Both Clinton and Sanders on Feb. 5 spoke at the New Hampshire Democratic Party’s annual fundraiser that also took place at the Verizon Wireless Arena.
Sanders, a self-described Democratic Socialist, highlighted his vote against the Defense of Marriage Act in 1996. Clinton for her part referenced anti-LGBT discrimination in her speech to the thousands of people who attended the event.
Buckley is also a vice-chair of the Democratic National Committee. The New Hampshire Democratic Party and the DNC prevent him from publicly endorsing a specific candidate.
Buckley was vice chair of the New Hampshire Democratic Party when he backed then-U.S. Sen. Joe Lieberman (I-Conn.) in the 2004 primary. Buckley four years later voted for former President Jimmy Carter as a write-in.

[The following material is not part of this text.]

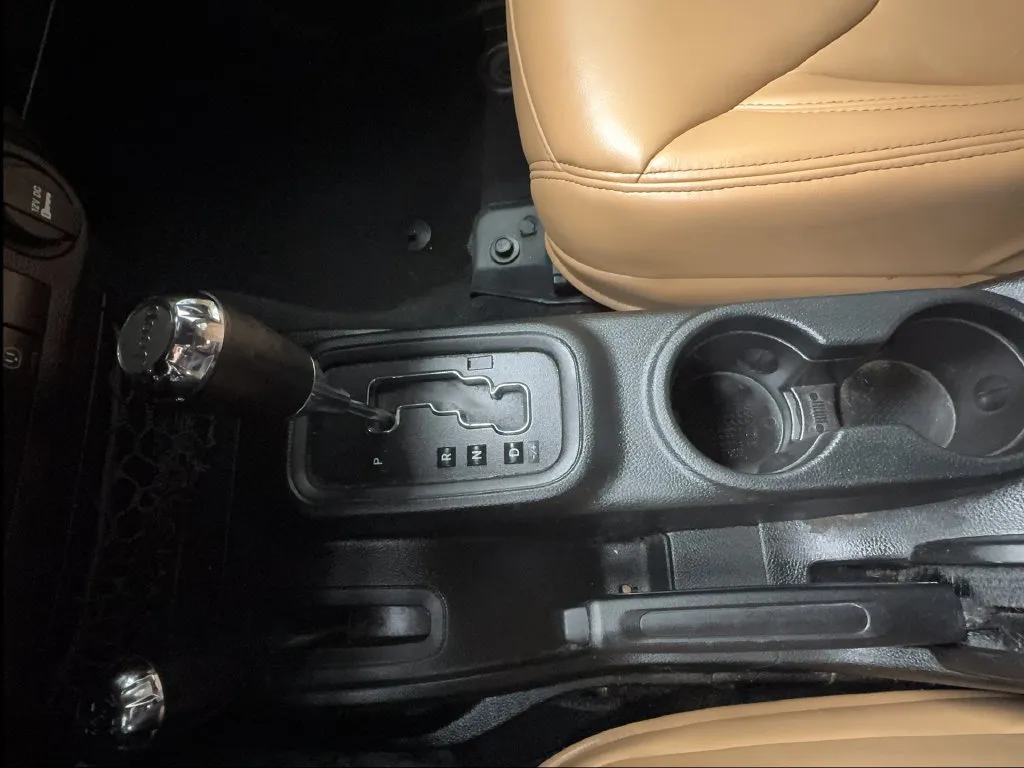 Jeep Wrangler photo 47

“I intend on voting for Jimmy Carter again,” said Buckley. “I’ll be the only person in New Hampshire who voted for Jimmy Carter.”
Buckley in response to a question about issues that have not been discussed ahead of the primary said that both Sanders and Clinton have “pretty much covered it all.” Buckley criticized the Republican candidates for not talking about the ongoing water crisis in Flint, Mich., in Saturday’s debate that took place at St. Anselm College in Manchester.
“Their talking points and discussions are so far off the edge and of the mainstream,” he told the Blade. “I watch those debates and it’s just baffling to me how they think that they’re going to get back to the center for the general election.”
Ayotte ‘against the people’ of N.H.
Buckley during the interview also criticized U.S. Sen. Kelly Ayotte (R-N.H.), who is facing a challenge from Democratic New Hampshire Gov. Maggie Hassan.
Buckley noted Ayotte’s opposition to marriage rights for same-sex couples, even though the majority of New Hampshire Republicans support the issue. He also criticized her over her positions against raising the minimum wage and increased gun safety measures.
“These are overwhelmingly positions that she’s against the people of New Hampshire,” said Buckley.
Buckley predicted that Ayotte in November will lose to Hassan.
“I just don’t see that she has the sort of warmth and connection with the people of New Hampshire that (U.S. Sen.) Jeanne Shaheen has,” Buckley told the Blade.
N.H. voters ‘interview the candidates’
Buckley throughout the interview praised New Hampshire residents who vote in their state’s first-in-the-nation primary.
“It is really something we take very seriously,” he told the Blade. “While it might look really fun on television, to most voters it’s work. They interview the candidates. They go out and go and meet with them and talk with them.”
Buckley said that New Hampshire voters also help raise awareness of issues, such as heroin and opiate use that has reached epidemic levels in the state and around the country. He added that the primary and the Iowa caucuses in recent election cycles have also proven that speaking against marriage rights for same-sex couples is no longer an effective campaign strategy.
“[New Hampshire is] uniquely qualified to have the first primary because we really encourage participation,” Buckley told the Blade. “Civil responsibility is very much part of being from New Hampshire.”
Buckley noted that roughly 40 percent of Republicans and 30 percent of Democrats remain undecided. He also pointed those who want to cast their ballot in the primary can register to vote at their respective polling places on Election Day.
“Tens of thousands of people are going to wake up tomorrow as unregistered voters, but will have gone to the polls, registered and will have had their voices heard,” said Buckley.
Buckley also responded to critics of New Hampshire’s first-in-the-nation primary who say the state is small and lacks diversity.
He noted the large Latino and African American populations in Nevada and South Carolina, which hold their respective caucuses and primaries later this month. Buckley added that LGBT-specific issues and other concerns “get brought forward” in the four early voting states that “probably wouldn’t be in some of the other states.”
“So for our community, New Hampshire plays a critical role,” he said.